Extracted data:
——
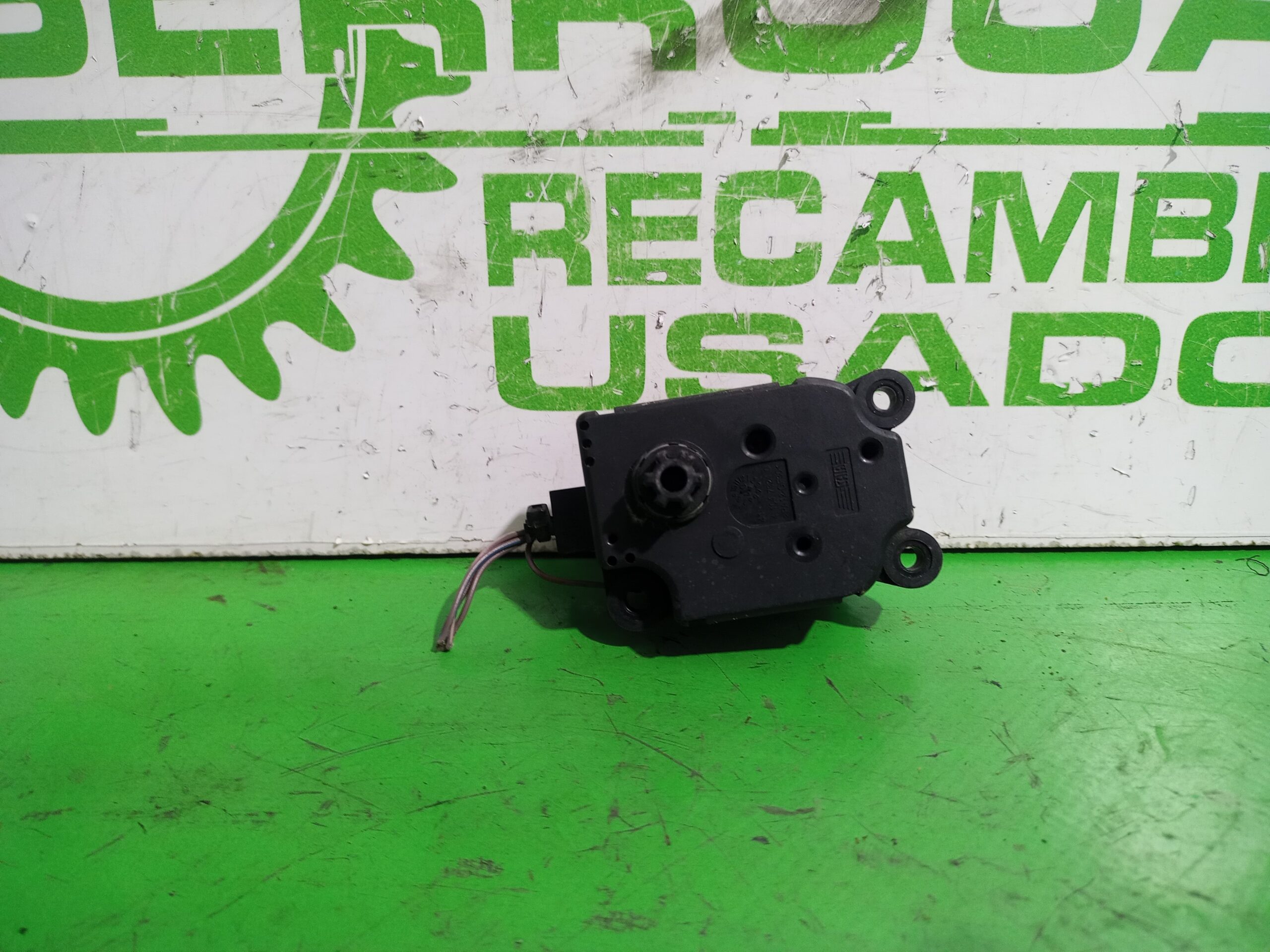 motor_apertura_trampilla_4puh19e616ac_peugeot_407_2_0_16v_cat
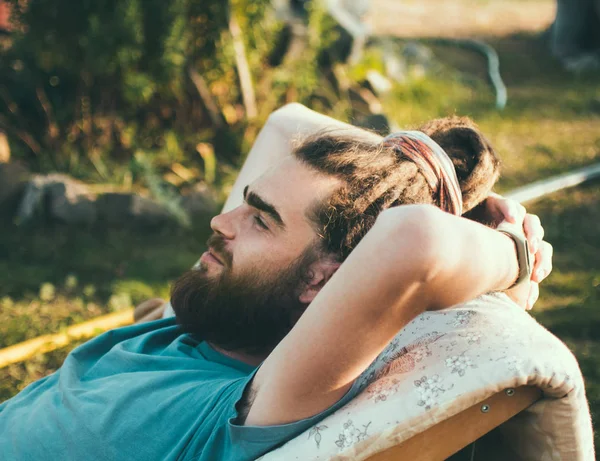 Ritratto di un bell'uomo sicuro di sé. Il tipo in vacanza, persona calma — Foto Stock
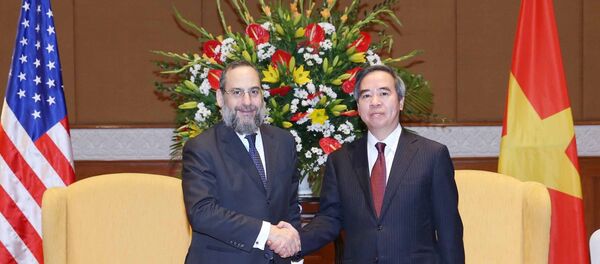 Trưởng Ban Kinh tế Trung ương Nguyễn Văn Bình tiếp Quyền Trợ lý Bộ trưởng Bộ Tài chính Hoa Kỳ - Sputnik Việt Nam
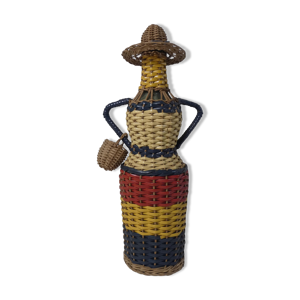 Ancienne bouteille habillée de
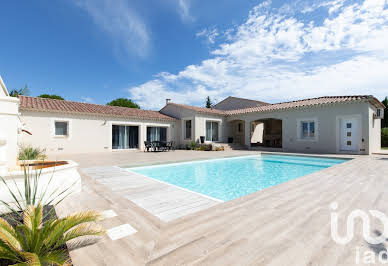 Maison avec piscine et terrasse 6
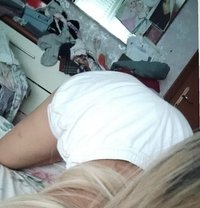 Lena - escort in Brussels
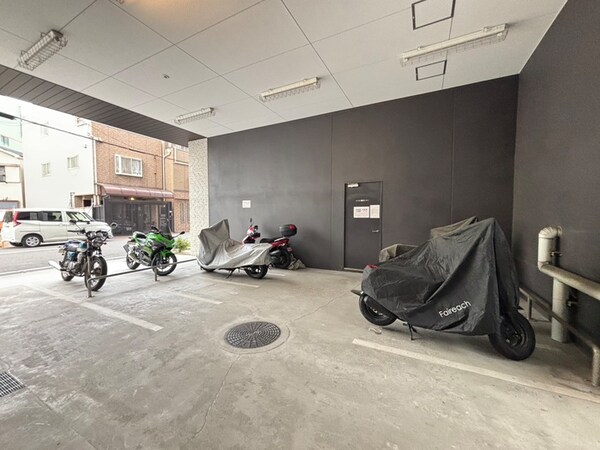 バイク置き場
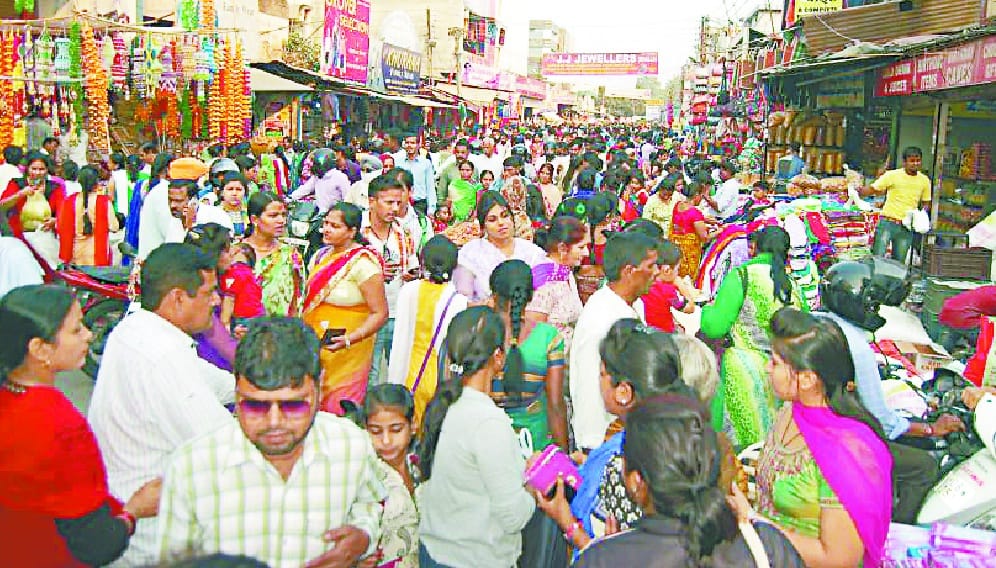 Bumper sales of silver coins and pottery on Dhanteras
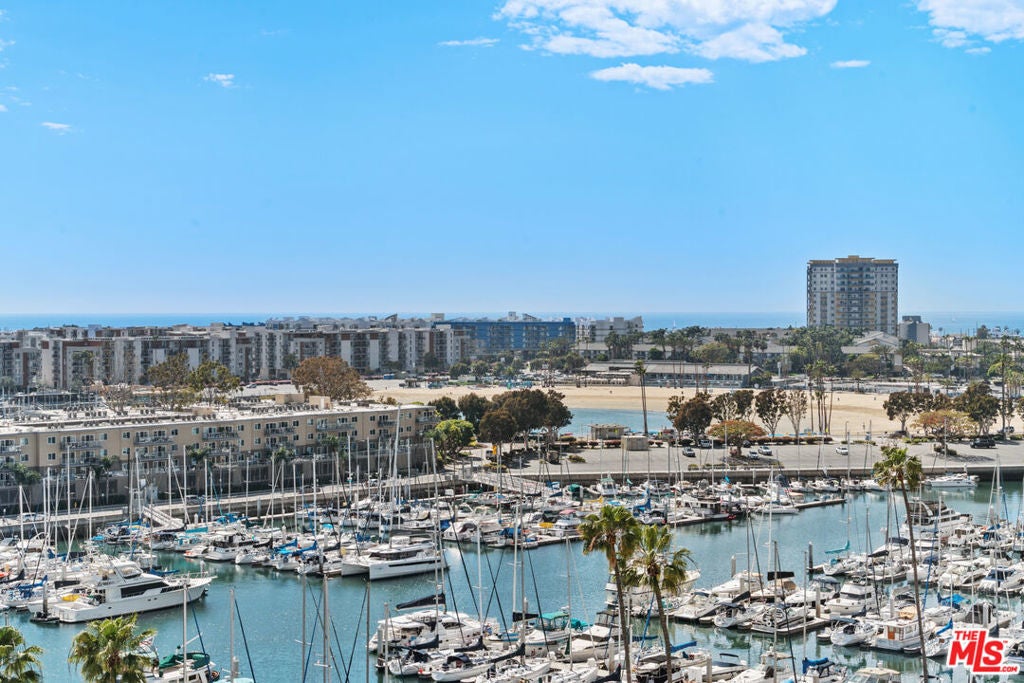 Photo of Listing #25563671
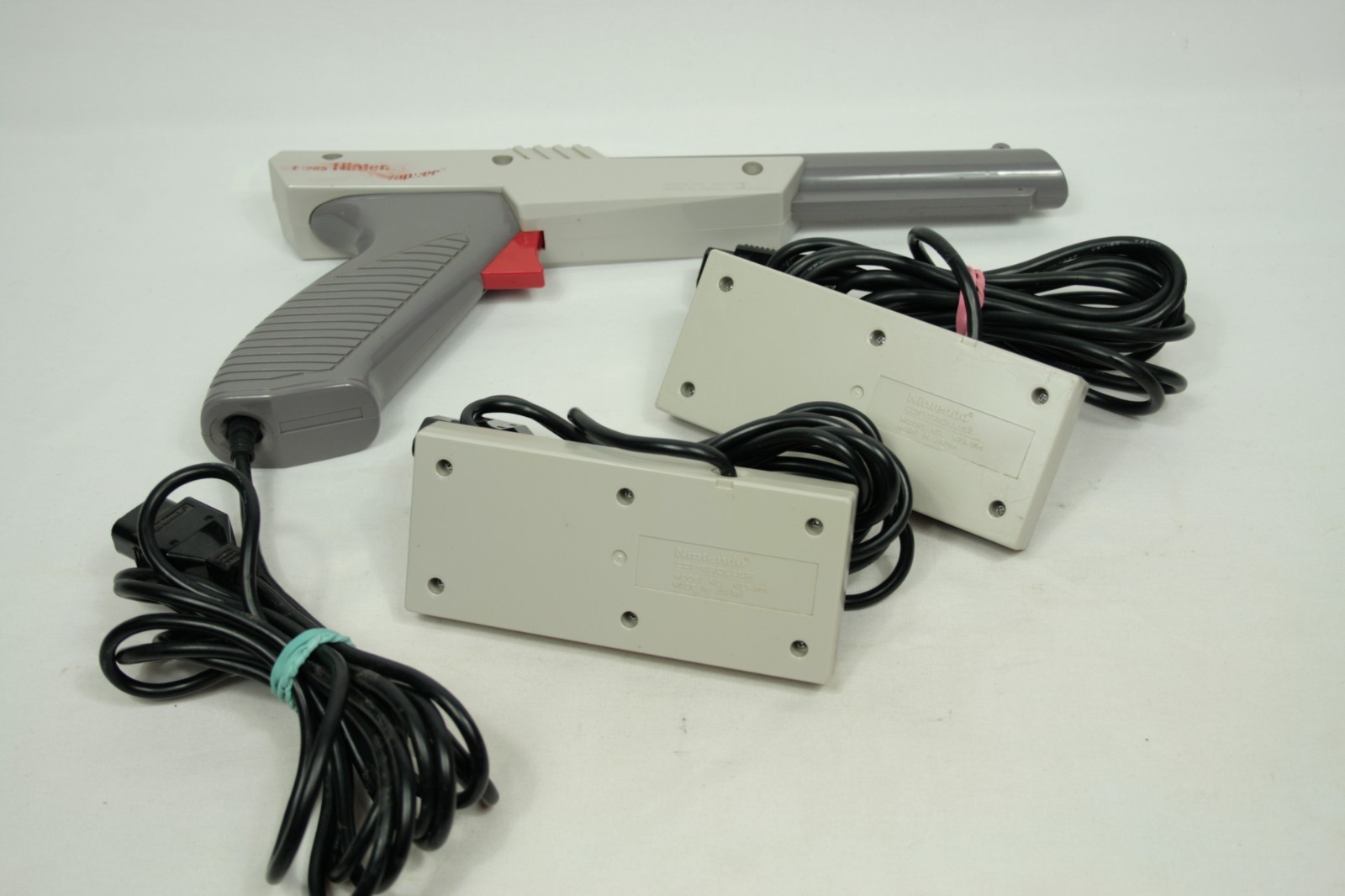 Nintendo NES Console Original Bundle Super Mario Bros Duck Hunt Bundle Zapper 2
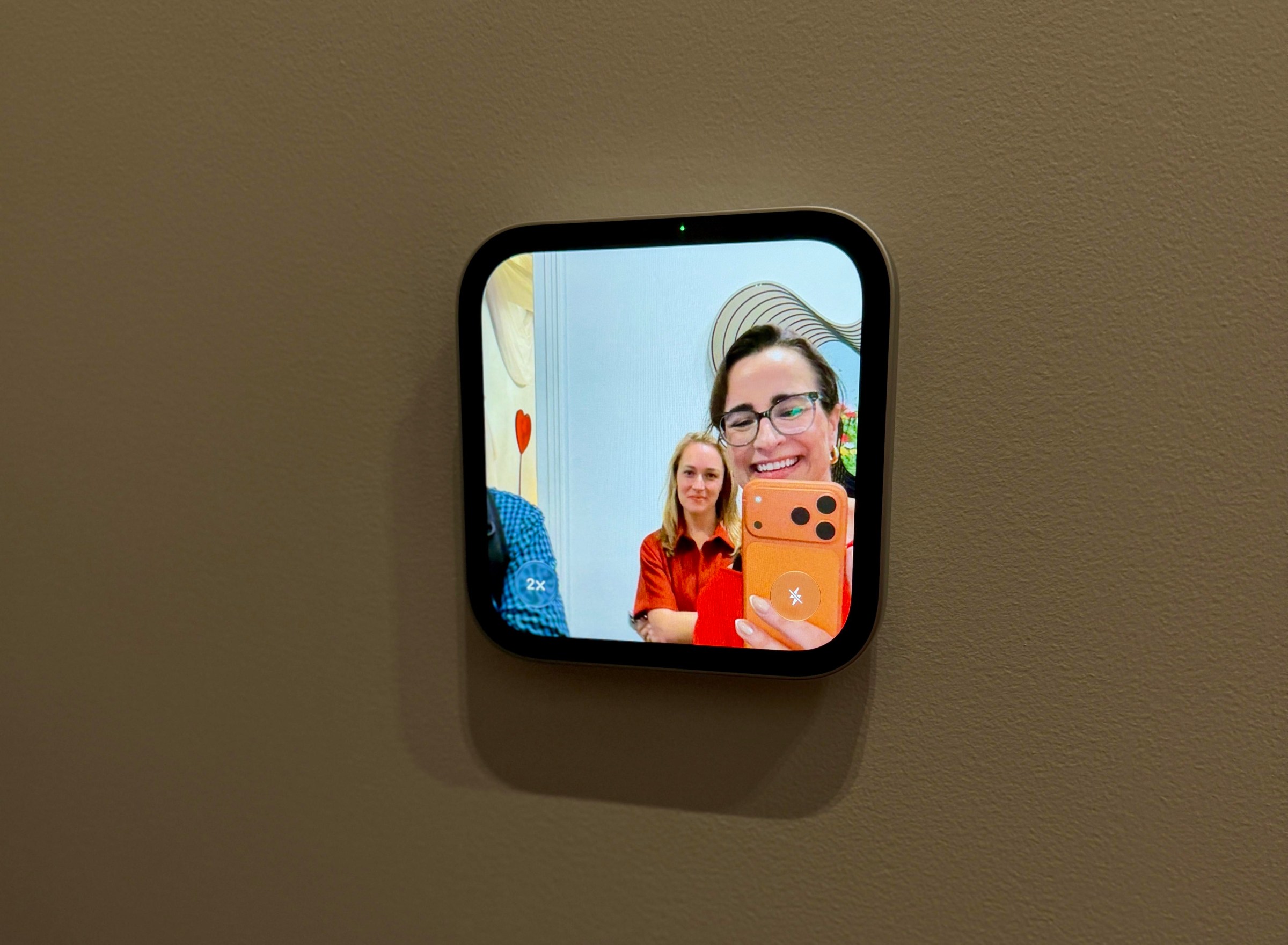 HomeView có camera 12 MP cho FaceTime và nhận diện khuôn mặt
——
Try it: Pictures excluded, repeat the material above from its first line through the line containing "Photo of Listing #25563671", both included.

Result for this task:
 motor_apertura_trampilla_4puh19e616ac_peugeot_407_2_0_16v_cat
 Ritratto di un bell'uomo sicuro di sé. Il tipo in vacanza, persona calma — Foto Stock
 Trưởng Ban Kinh tế Trung ương Nguyễn Văn Bình tiếp Quyền Trợ lý Bộ trưởng Bộ Tài chính Hoa Kỳ - Sputnik Việt Nam
 Ancienne bouteille habillée de
 Maison avec piscine et terrasse 6
 Lena - escort in Brussels
 バイク置き場
 Bumper sales of silver coins and pottery on Dhanteras
 Photo of Listing #25563671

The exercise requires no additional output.